When in Rome...one tries to fit in. Or so it was before the Islamic disapora.

I might be wrong but I believe that Muslims are the first people to come to live in our country and openly disapprove of us. It's hard to forget the cleric who described Australian women in summer attire as "meat left out for the cat".

There are now a lot of Muslims in Australia. They are spread widely and evenly through the urban population, but they don't blend in. The women's dress makes them instantly recognizable. Their range of religious habit goes from a token headscarf to abaya, those long drab button-up overdresses, and huge hijab around their heads.
The full burqa or niqab face covering is rare here but it is seen.

However, it now is in the news and and we are all forced to think about how, exactly, we feel about this sort of dramatic separation from the rest of the community.  As a liberated country, we don't conform. We display our diversity with everything from muted conservative garb to a mass of tattoos and piercings.

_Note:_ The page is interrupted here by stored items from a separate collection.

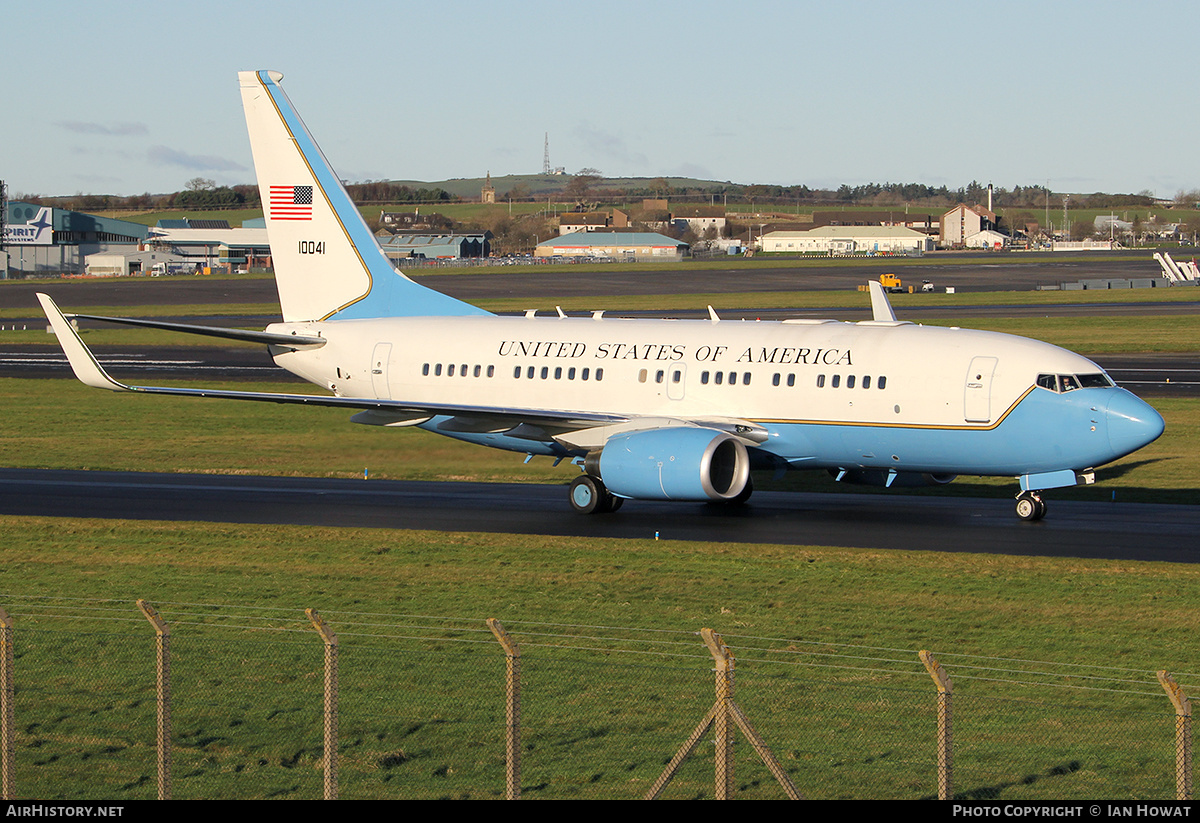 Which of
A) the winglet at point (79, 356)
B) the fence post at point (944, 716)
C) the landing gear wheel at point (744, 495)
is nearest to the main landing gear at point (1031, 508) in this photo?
the landing gear wheel at point (744, 495)

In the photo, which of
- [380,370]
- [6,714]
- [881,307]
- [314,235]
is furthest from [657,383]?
[6,714]

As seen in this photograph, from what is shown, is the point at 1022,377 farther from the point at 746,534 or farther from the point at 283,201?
the point at 283,201

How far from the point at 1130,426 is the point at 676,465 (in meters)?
9.61

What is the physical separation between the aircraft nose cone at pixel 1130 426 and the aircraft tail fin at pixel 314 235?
18.2m

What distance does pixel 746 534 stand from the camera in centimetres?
2988

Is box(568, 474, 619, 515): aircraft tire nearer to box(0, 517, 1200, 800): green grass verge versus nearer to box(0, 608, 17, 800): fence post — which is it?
box(0, 517, 1200, 800): green grass verge

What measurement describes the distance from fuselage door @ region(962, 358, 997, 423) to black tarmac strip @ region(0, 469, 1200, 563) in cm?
249

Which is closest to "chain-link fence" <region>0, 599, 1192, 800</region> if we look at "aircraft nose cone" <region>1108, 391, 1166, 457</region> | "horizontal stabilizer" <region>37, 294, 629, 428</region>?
"horizontal stabilizer" <region>37, 294, 629, 428</region>

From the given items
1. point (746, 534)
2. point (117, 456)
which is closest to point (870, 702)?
point (746, 534)

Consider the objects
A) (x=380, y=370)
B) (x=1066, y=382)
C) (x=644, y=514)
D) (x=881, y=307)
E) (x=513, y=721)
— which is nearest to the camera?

We are proud of our freedom to self-expression.

This should, of course, including the Muslims. Yet, by dressing differently, Muslims are dividing us.

And, thanks to political correctness, we feel inhibited and compromised about expressing reservations. This automatically makes us racist.

But I am getting to the age when one speaks one's mind. And I have to say that I am disturbed by the sight of Muslim women shrouded under burqas.  They rouse a confusion of emotions in me. I am intimidated by them. I feel they are spying on us, shunning us, and hiding in plain sight.  I also mistrust that they are actually female. I have no way of knowing.

The thing that most disturbs me is that the Islamic rationale that women are covered from head to foot because of the belief that they are too tempting to be seen. They need to be protected from their own sexuality. Just the sight of their hair is such a provocation that men may completely lose control.

What does this make of Islamic men? They have such crude sexual urges that they cannot  safely see women in public?

This religious dress code, therefore, not only oppresses and insults the women, it demeans men.

It makes no sense to me at all.

Photo: CharlesFred, Flickr


Roslyn Ross said...

Well said. My view is that no-one under the age of 18 should be allowed to dress religiously and the burga and hijab should only be allowed if men wear them too.

insect repellent said...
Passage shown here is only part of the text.